Exercise directions »
Print the whole listing, character for character.

Information shown »
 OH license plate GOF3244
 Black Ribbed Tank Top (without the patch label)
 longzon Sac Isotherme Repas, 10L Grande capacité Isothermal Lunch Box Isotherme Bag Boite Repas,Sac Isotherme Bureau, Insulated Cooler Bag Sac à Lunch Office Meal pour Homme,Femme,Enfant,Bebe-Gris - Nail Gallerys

Written answer »
 OH license plate GOF3244
 Black Ribbed Tank Top (without the patch label)
 longzon Sac Isotherme Repas, 10L Grande capacité Isothermal Lunch Box Isotherme Bag Boite Repas,Sac Isotherme Bureau, Insulated Cooler Bag Sac à Lunch Office Meal pour Homme,Femme,Enfant,Bebe-Gris - Nail Gallerys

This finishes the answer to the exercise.